TASK TO CARRY OUT> When the listing below reaches the line that has "a living room", start reproducing exactly; stop after the line that has "Vintage digital thermostat", and drop the pictures.

DATA SHOWN>
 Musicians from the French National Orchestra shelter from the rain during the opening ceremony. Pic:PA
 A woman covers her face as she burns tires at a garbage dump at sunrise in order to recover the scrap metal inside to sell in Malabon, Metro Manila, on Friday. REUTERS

...

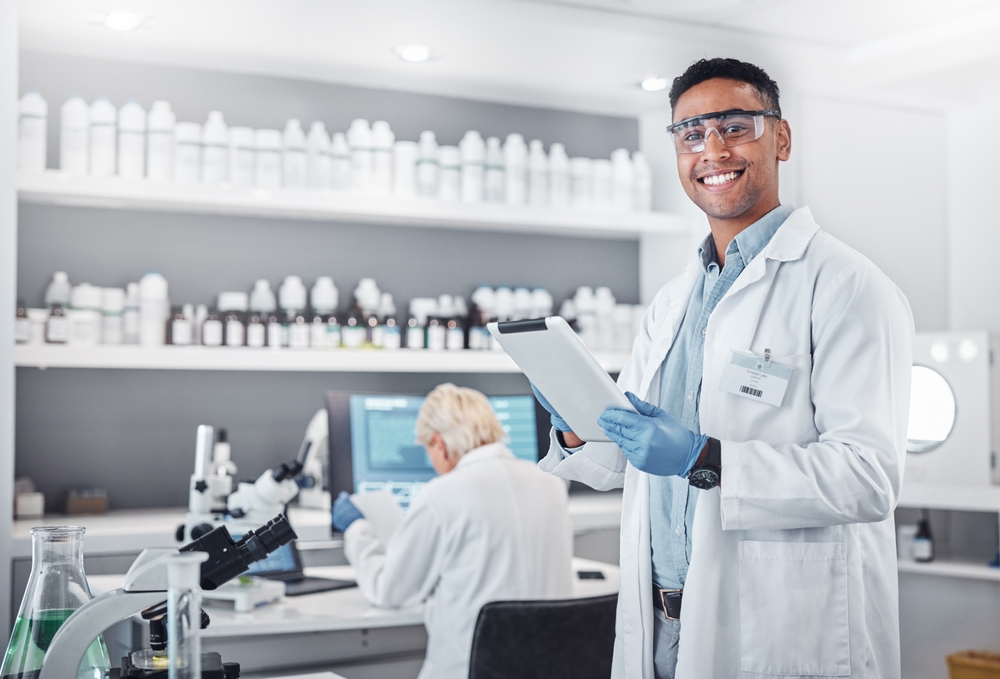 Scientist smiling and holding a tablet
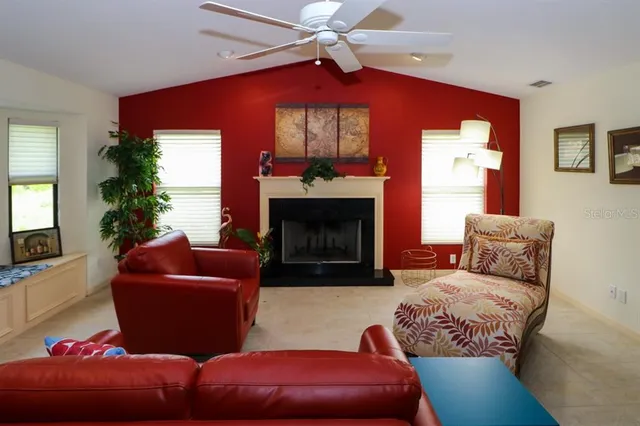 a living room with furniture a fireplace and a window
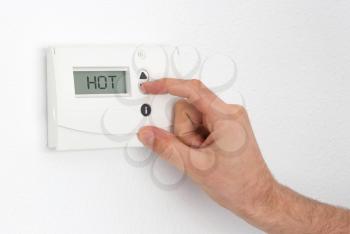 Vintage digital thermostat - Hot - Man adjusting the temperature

---

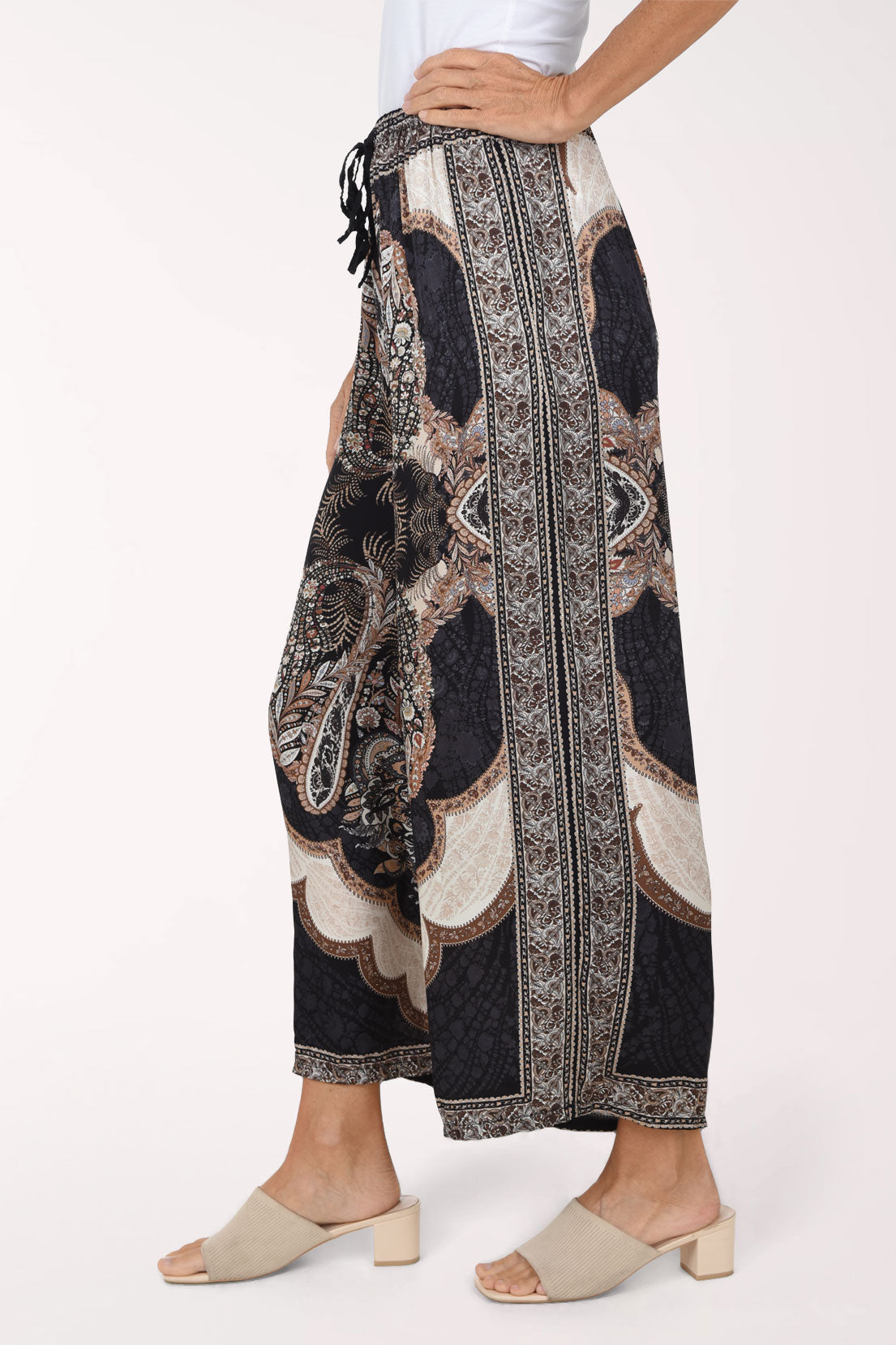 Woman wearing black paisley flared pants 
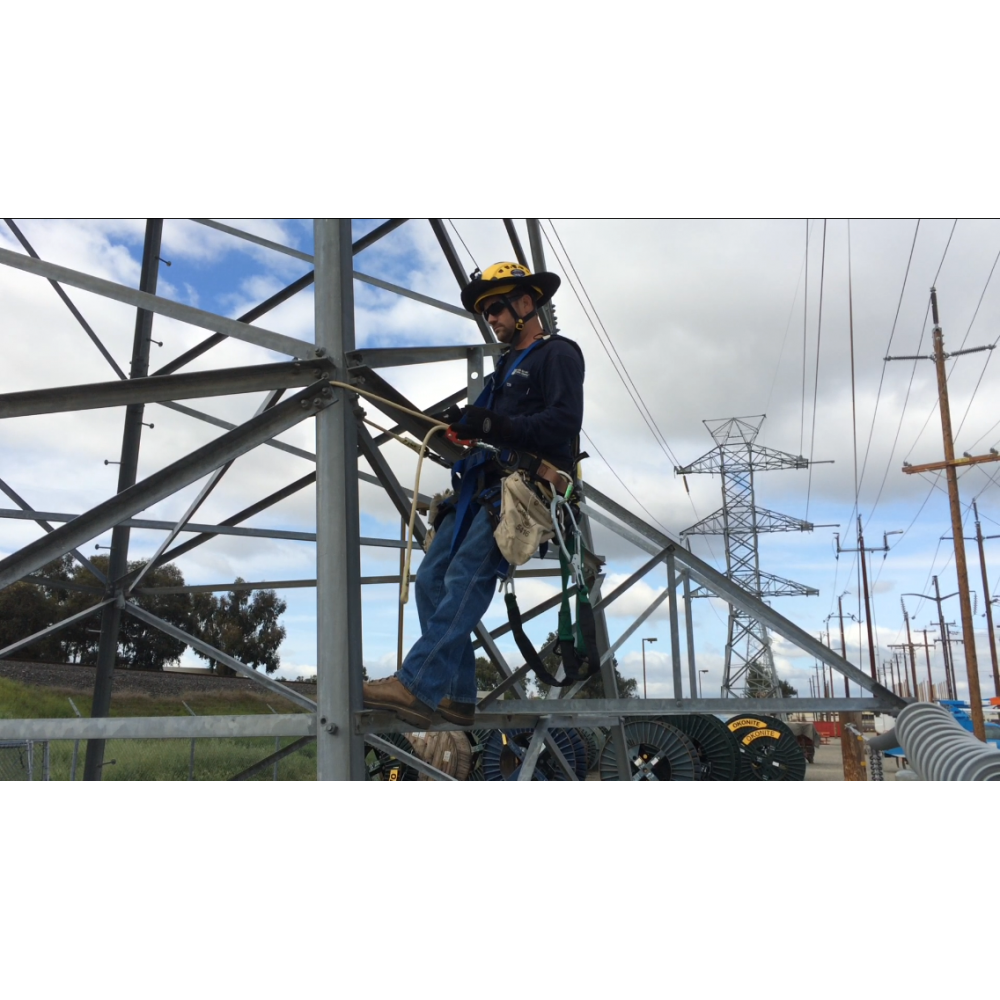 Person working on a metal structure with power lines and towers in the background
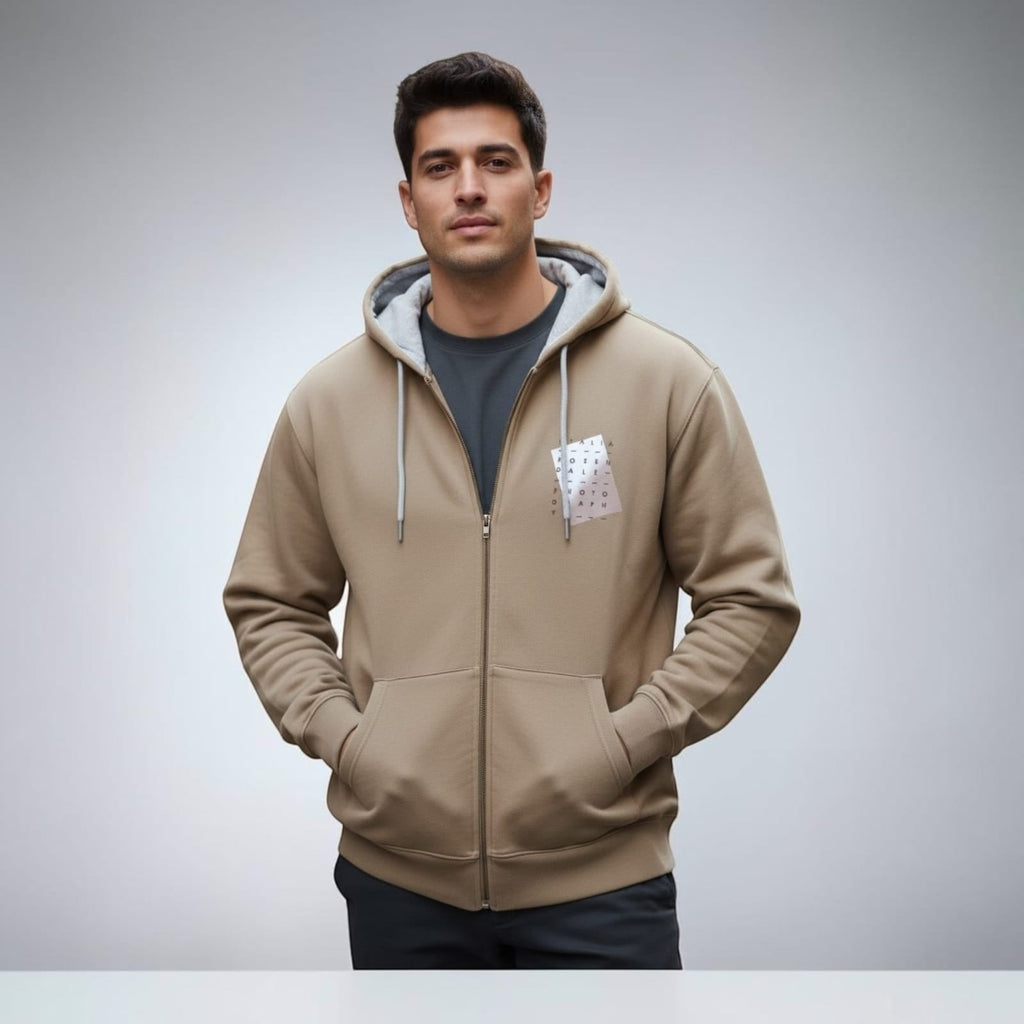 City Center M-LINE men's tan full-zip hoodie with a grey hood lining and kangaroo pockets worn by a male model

ANSWER TO THE EXERCISE>
 a living room with furniture a fireplace and a window
 Vintage digital thermostat - Hot - Man adjusting the temperature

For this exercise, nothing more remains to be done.